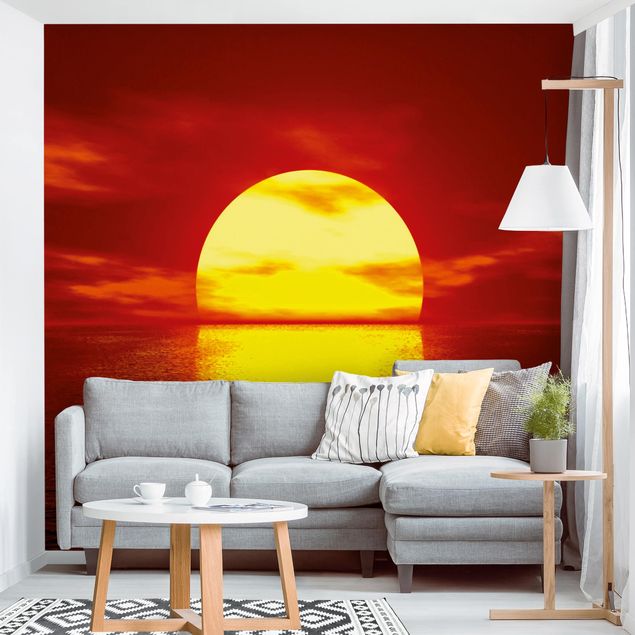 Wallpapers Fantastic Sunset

────────

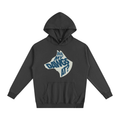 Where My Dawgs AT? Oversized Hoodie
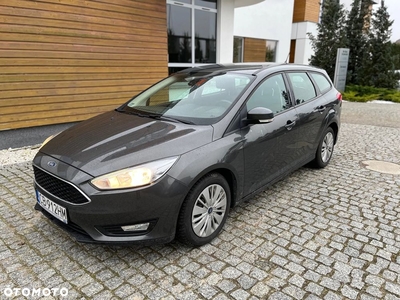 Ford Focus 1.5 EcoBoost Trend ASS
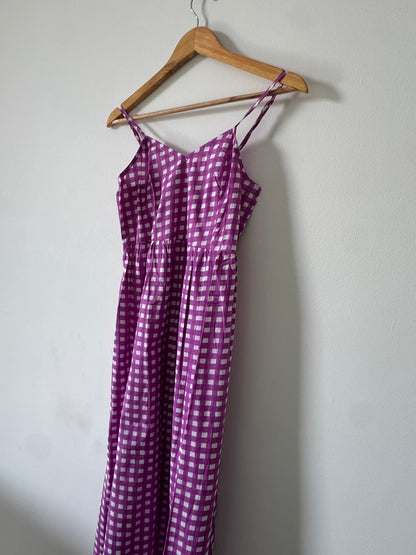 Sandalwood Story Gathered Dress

────────

Print exactly the lines above that run from the one with "Ford Focus 1.5 EcoBoost Trend ASS" down to the one with "Sandalwood Story Gathered Dress", and omit the pictures.

 Ford Focus 1.5 EcoBoost Trend ASS
 Sandalwood Story Gathered Dress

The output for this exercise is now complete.